Утром он очнулся, услышал живые голоса, стоны, всхлипывания… Трупы закаменели, и он под ними закоченел на осолодной, как железо, земле. Где-то разговаривали по-немецки, а кто-то, поднявшись, жалобно попросил: «Переведите нас в первый лагерь», и Суров понял, зачем это говорится. Будут сейчас добивать, достреливать, уже машины подгоняют — будут вывозить трупы, а уцелевших добьют. Они уже поднимаются, кто живой, не все сразу, но когда поняли сами, что их еще много, и догадались, что, может быть, в том и спасение, что их много, слишком много, подниматься стали и раненые, тяжело раненные. Вылез из-под убитых и Суров, долго не мог разогнуться, встать на ноги, должен был сначала посидеть на ком-то. Сидел, как на сваленном дереве, и смотрел, а перед ним неоглядные груды тел и кое-где поднимающиеся, пошатывающиеся фигуры в обвислых, рыжих от подпалин шинелях.
Господи, да сколько же может вынести человек?!
Он вынес еще и бесконечную дорогу от Бобруйска в сторону Глуши, Слуцка.

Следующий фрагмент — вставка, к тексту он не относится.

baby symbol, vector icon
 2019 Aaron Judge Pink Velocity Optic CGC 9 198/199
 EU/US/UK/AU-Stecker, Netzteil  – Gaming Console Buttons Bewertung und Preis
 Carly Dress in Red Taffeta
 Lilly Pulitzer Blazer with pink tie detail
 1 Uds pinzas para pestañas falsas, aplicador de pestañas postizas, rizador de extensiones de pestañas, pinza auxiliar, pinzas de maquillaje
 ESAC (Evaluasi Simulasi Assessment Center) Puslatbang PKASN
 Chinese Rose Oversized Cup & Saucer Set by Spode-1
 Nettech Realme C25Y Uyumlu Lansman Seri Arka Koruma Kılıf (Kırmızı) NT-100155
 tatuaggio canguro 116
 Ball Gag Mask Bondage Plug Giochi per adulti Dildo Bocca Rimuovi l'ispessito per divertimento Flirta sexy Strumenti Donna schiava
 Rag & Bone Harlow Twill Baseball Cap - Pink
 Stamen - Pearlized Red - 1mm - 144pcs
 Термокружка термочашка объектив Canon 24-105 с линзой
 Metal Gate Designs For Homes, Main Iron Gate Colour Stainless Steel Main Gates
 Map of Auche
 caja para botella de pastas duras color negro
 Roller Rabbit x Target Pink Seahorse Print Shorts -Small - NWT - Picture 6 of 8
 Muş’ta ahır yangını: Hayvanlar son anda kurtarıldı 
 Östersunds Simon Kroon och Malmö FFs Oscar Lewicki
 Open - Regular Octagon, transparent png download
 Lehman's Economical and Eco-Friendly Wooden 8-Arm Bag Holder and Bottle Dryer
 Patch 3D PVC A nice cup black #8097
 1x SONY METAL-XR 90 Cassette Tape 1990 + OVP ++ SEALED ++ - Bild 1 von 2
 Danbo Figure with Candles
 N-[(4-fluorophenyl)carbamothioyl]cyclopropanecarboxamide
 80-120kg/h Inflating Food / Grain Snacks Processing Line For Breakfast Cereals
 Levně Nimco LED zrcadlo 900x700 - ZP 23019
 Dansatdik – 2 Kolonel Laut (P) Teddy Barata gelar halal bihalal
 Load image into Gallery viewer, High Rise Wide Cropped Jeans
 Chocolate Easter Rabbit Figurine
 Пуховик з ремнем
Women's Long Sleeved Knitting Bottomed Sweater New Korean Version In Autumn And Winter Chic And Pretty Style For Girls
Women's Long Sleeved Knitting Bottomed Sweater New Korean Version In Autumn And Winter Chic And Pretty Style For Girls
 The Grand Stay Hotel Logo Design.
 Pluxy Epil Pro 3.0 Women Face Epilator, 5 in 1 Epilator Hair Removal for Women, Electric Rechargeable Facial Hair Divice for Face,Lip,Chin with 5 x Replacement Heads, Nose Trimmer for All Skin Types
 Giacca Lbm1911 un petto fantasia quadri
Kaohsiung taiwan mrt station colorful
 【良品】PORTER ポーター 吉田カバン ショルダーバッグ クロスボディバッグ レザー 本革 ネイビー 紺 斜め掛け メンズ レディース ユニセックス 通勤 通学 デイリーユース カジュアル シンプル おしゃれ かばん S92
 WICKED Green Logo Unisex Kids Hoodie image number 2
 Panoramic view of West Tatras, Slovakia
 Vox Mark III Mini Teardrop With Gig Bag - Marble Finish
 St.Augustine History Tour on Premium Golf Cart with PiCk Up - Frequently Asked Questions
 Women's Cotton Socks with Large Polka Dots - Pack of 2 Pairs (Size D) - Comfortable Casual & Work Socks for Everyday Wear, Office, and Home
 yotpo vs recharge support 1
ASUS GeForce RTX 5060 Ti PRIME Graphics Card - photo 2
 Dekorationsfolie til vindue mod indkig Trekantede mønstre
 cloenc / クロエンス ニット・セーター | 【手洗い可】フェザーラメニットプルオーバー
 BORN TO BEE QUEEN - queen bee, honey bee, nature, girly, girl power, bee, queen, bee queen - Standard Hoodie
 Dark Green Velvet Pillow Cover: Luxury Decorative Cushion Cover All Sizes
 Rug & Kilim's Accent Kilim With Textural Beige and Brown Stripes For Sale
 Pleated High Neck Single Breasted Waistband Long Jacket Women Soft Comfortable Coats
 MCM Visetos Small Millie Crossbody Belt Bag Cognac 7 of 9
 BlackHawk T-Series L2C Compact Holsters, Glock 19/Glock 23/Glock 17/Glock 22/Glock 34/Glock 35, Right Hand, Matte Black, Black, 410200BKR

Живых было, набралось все еще много, хватило почти на сто километров — по тридцать — сорок трупов на каждый километр. Весь город задыхался от трупного угара, жители провожали колонну уцелевших военнопленных с каким-то новым ужасом в глазах, а немцы, охрана, будто застеснявшись, впервые за все месяцы организовали даже подводы для тех, кто не мог идти сам. За городом подводы протащились — не больше пяти километров. Колонну остановили, часть немцев побежала в лес и сразу же стали гнуть березки и ломать, выламывать палки. А другие сгоняли, сбрасывали с подвод ослабевших, раненых. Люди старались показать, что могут, что и они смогут идти на своих ногах, прорывались в колонну, а их отталкивали, швыряли в канавы. И стреляли. Длилось это с полчаса. А дальше погнали колонну уже без обоза, но зато в руках у каждого немца была толстая березовая палка. Любят они березу: и на могилках немецких обязательно березовые круглячки, оградки, и тут все выбрали только березовые палки.
После, вспоминая страшную «варшавку», асфальтовую дорогу на Слуцк, Суров яснее всего видел не убитых, достреливаемых, не выбегающие к шоссе деревни — через поле бегущих баб с хлебом и чугунками, детишек, по которым охрана открывала пальбу, — а тот момент, когда немец вдруг останавливался, точно решив что-то для себя, бросал на грудь автомат и брал в обе руки свою палку. Люди шли к нему, а он опускал, поднимал и опускал на головы тяжелую палку, крякая, как лесоруб, а на распаренном лице, в налитых красной слезой глазах было: «Это вам за пожар, за поджог, за то, что вас так много и мне надо вот это делать — бить, бить, бить!..» А ты шел к нему и не мог не идти.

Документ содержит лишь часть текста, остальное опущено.